Nice post. I dread the day when I leave Asia and can't pay fifty cents for a multi-course meal, with more flavors and seasonings than I have pounds, served on a 14" tall table and tiny plastic micro-stools.

Is it just China or do street vendors everywhere turn eggplant into one of the tastiest treats of all time?
posted by trinarian at 9:22 AM on April 10, 2007


A senior official of ITC said the prospective vendors would be selected from among the poor unemployed youth. Existing pushcarts would be used initially and later specially designed carts with the company's insignia would be deployed.

Oh man, this sounds bad at many levels. This is like Wal-Mart getting into the street vendor business. Many people in the slums are struggling to get by, and this comes along and rocks the boat.
posted by zek at 9:39 AM on April 10, 2007


Say hey hadjiboy, cool post. You're posting about my profession! YAYYY street vendors of the world! This May I will have been a street vendor for 21 years.
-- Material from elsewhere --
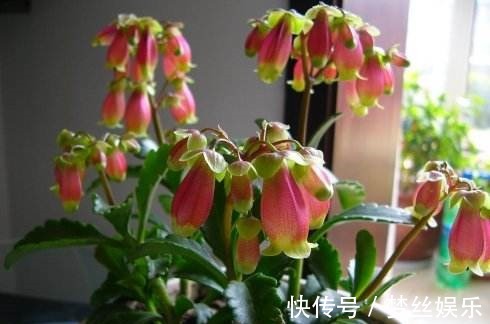 几种花卉花期长开花大,好养易活,花色艳丽迷人,新手必备!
The street vendors of India are amazing. It always astounded me how people could make a living spreading out a small piece of cloth or a box and putting something on it but they did and do. Or a tiny stall selling a handful of bottles of soda, flower petals , kettle of tea or paan. I enjoyed the tea vendors expecially at the train stations with their huge, banged up, aluminum kettles of milky sweet chai and those charming disposable clay cups that one could throw out the window after and know it was biodegradable.

In 1976 my kid sister told me about an ad for a job being a hot dog vendor at a Sabrett hot dog stand. People were so nice while I was doing this humble job that I thought I'd try street vending again, 10 years later outside the Museum of Modern Art, here in NYC, this time selling African art.
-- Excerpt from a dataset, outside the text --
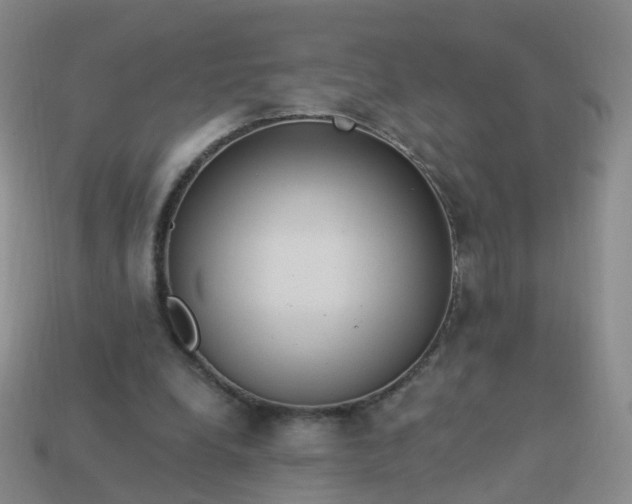 X0000113880248200910081753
There is an amazing political/legal activist, Robert Lederman, who has done a tremendous amount of work protecting street vendor rights in NYC. He has a Yahoo Group, NYC Street Artists (he's also an artist who sells his work on the street) discussing how to protect one's legal rights as a vendor.
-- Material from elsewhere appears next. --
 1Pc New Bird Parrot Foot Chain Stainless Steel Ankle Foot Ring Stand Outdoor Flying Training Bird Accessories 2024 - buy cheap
My own, sorely neglected, packed with typos blog, NYCStreetVendor. It's been so long since I looked at the dang site I don't know how to log in any more. *sigh*. Ah well, time to leave for work. :)
posted by nickyskye at 9:58 AM on April 10, 2007


I love the way you construct your posts:)
posted by hadjiboy at 10:12 AM on April 10, 2007


I've been wanting to do, for AGES, a book of street vendor foods from around the world, heavy on the photos. This post reminded me & gave me the kick in the pants to get back on top of that! Thanks!
posted by bitter-girl.com at 10:15 AM on April 10, 2007


For NYC see the vendys, kinda the oscars for street food there.
posted by lalochezia at 10:15 AM on April 10, 2007


We used to visit Jingshan Park in Beijing when we were in town. We'd use the north gate, not the one by the Forbidden City. There were always twenty or thirty vendors set up on the sidewalk, selling all kinds of things. Every once in a while, there'd be a lot of excited chatter and most of them would pick up their stuff and hustle off. Then the cops would appear, checking for permits. Most of the vendors didn't have one, so they split. It was like a strong wind came up and blew them down the street.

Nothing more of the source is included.